Task input
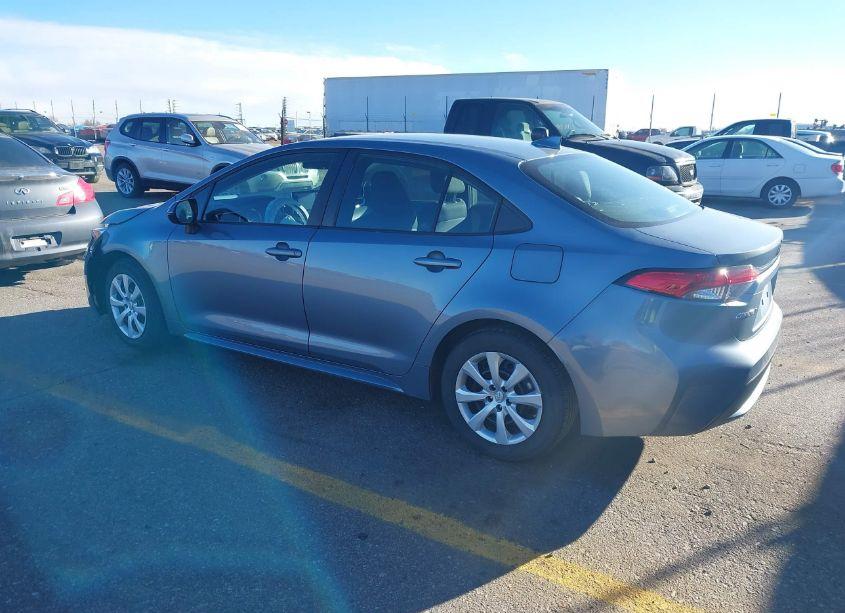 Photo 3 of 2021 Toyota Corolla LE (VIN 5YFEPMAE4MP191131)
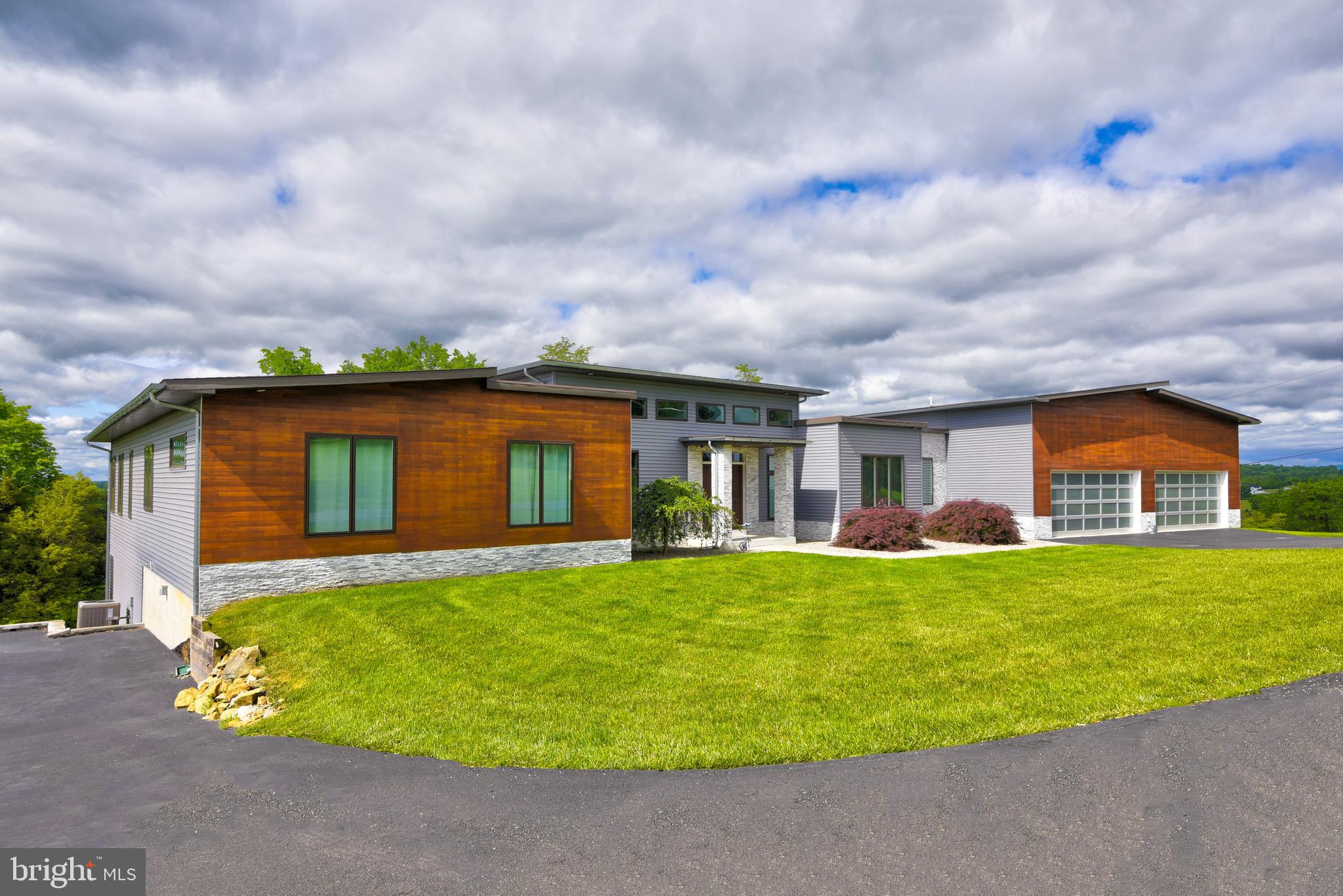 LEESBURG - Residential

==

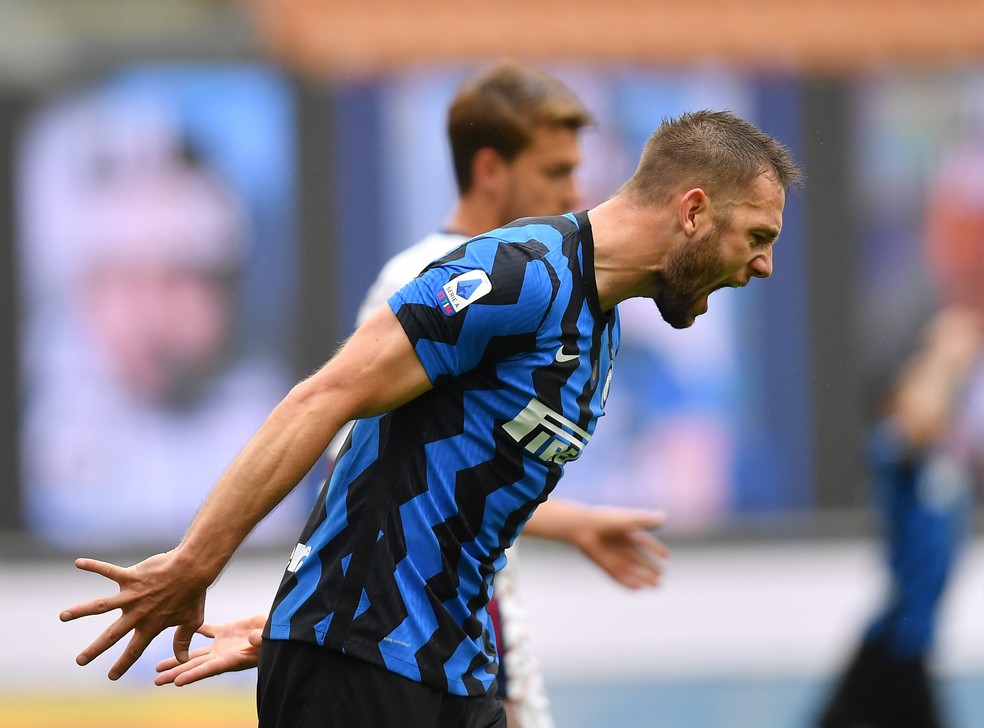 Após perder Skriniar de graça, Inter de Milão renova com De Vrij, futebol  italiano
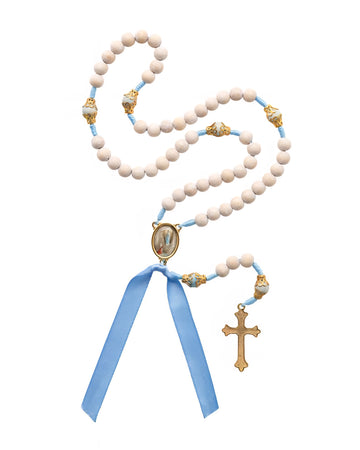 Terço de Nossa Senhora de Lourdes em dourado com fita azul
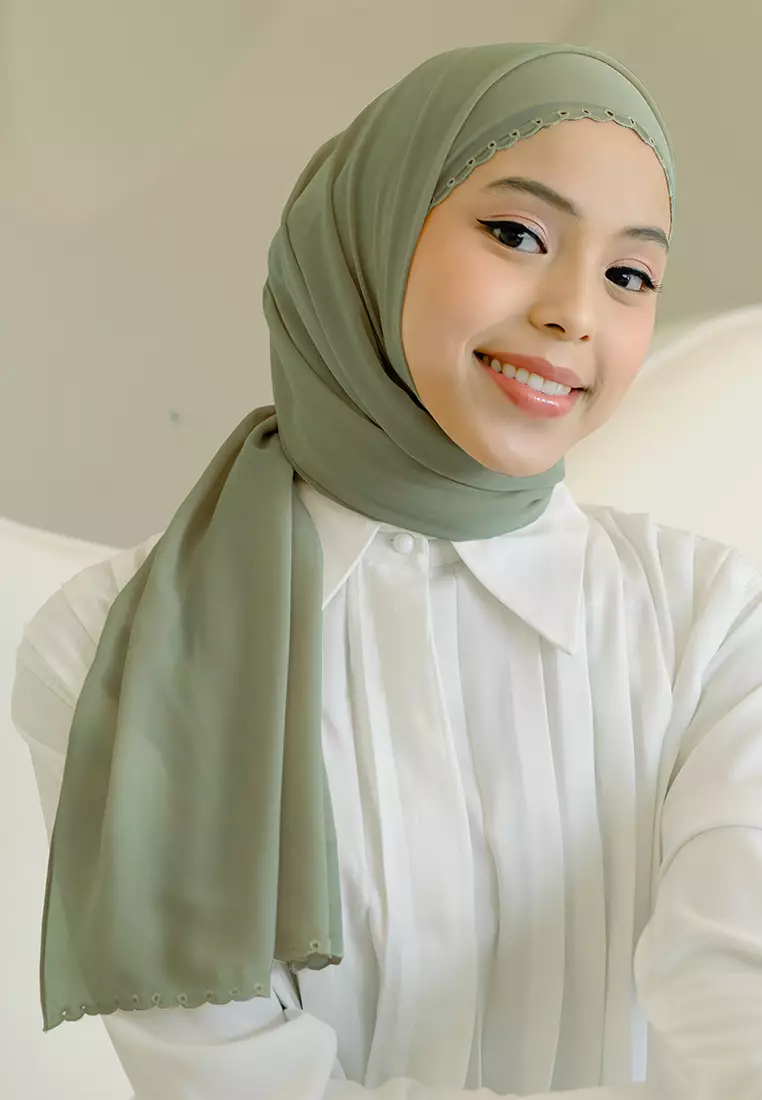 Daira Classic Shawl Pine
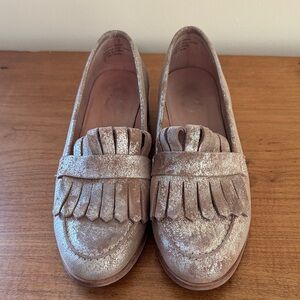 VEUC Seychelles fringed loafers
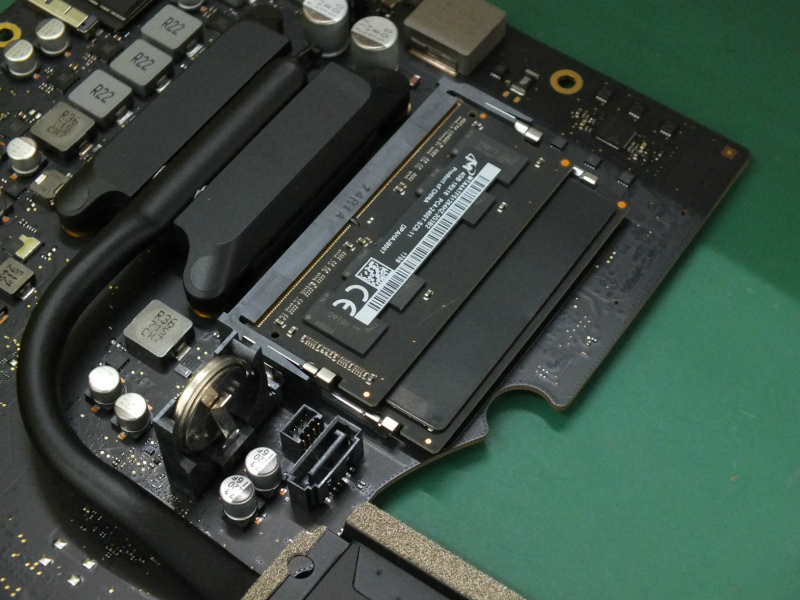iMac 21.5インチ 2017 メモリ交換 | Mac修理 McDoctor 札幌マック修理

* * *

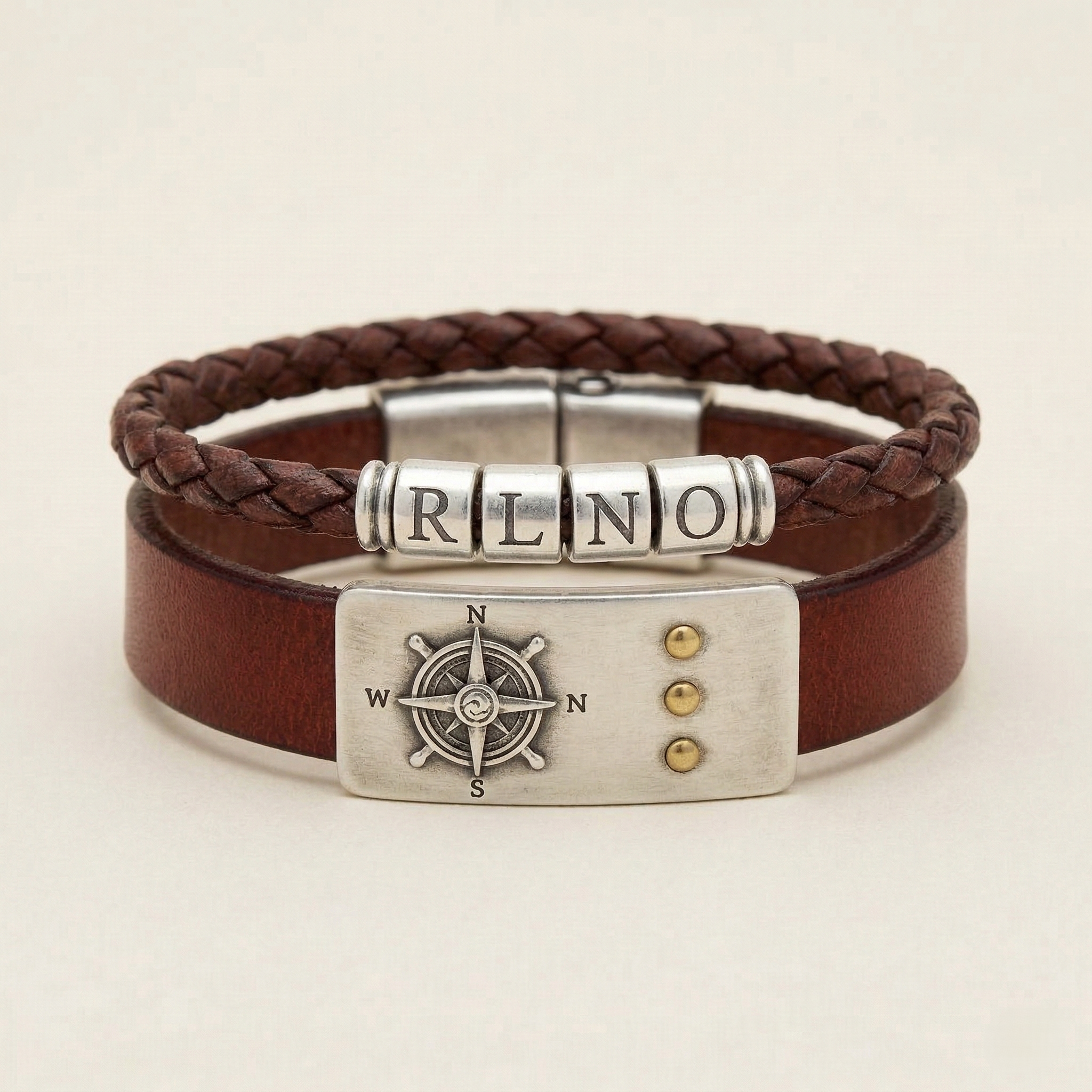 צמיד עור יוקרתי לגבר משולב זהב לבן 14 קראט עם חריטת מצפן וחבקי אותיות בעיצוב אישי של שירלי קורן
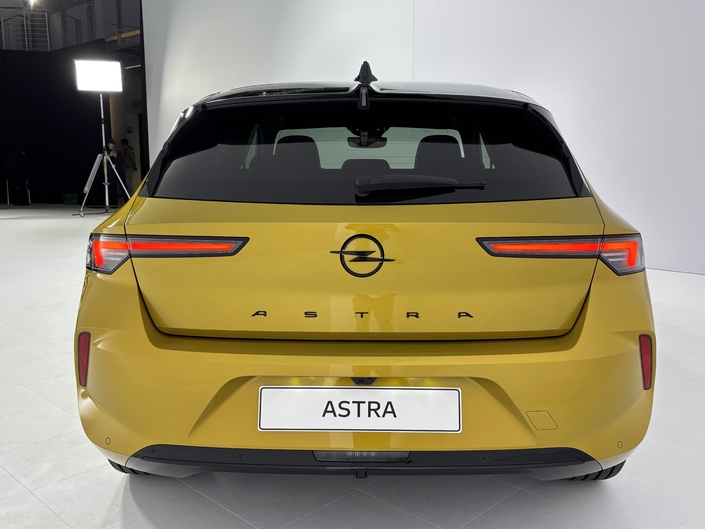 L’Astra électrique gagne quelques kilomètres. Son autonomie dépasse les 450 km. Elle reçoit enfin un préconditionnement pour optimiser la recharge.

Work to be completed
Would you restate, exactly and with no pictures, the lines of the entries above from the one containing "Photo 3 of 2021" through the one containing "LEESBURG - Residential"?

Output of the task
 Photo 3 of 2021 Toyota Corolla LE (VIN 5YFEPMAE4MP191131)
 LEESBURG - Residential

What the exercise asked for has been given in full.